1880425 – controllerconfig is not completed: status for ControllerConfig machine-config-controller is being reported for 0, expecting it for 1

Bug 1880425 - controllerconfig is not completed: status for ControllerConfig machine-config-controller is being reported for 0, expecting it for 1

Summary: controllerconfig is not completed: status for ControllerConfig machine-config...

Keywords:
Status:	CLOSED DUPLICATE of bug 1874696
Alias:	None
Product:	OpenShift Container Platform
Classification:	Red Hat
Component:	Networking
Sub Component:
Version:	4.6
Hardware:	Unspecified
OS:	Unspecified
Priority:	high
Severity:	high
Target Milestone:	---
Target Release:	4.6.0
Assignee:	Antonio Murdaca
QA Contact:	Michael Nguyen
Docs Contact:
URL:
Whiteboard:
Depends On:
Blocks:
TreeView+	depends on / blocked

Reported:	2020-09-18 13:53 UTC by David Eads
Modified:	2020-09-18 15:30 UTC (History)
CC List:	2 users (show)
Fixed In Version:
Doc Type:	If docs needed, set a value
Doc Text:
Clone Of:
Environment:
Last Closed:	2020-09-18 15:30:51 UTC
Target Upstream Version:
Embargoed:

Attachments	(Terms of Use)

Description David Eads 2020-09-18 13:53:26 UTC

I've seen a couple runs with a new failure on our promotion jobs.
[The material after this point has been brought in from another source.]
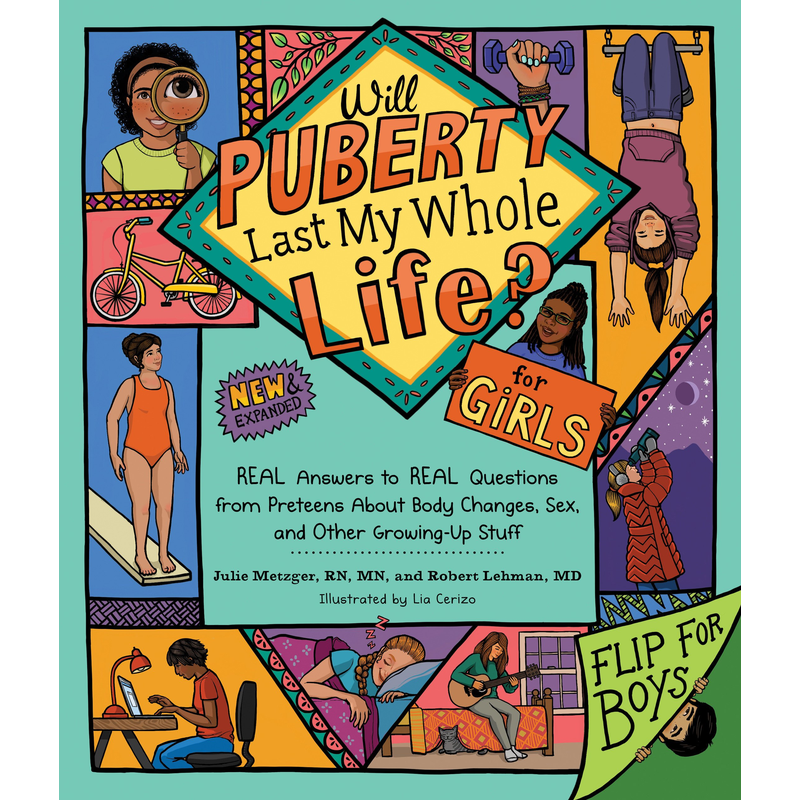 Will Puberty Last My Whole Life?: REAL Answers to REAL Questions from Preteens About Body Changes, Sex, and Other Growing-Up Stuff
level=error msg="Cluster operator machine-config Degraded is True with MachineConfigControllerFailed: Unable to apply 4.6.0-0.nightly-2020-09-18-042646: timed out waiting for the condition during waitForControllerConfigToBeCompleted: controllerconfig is not completed: status for ControllerConfig machine-config-controller is being reported for 0, expecting it for 1

This is impacting promotion across azure and gcp, so marking high until we can find a cause.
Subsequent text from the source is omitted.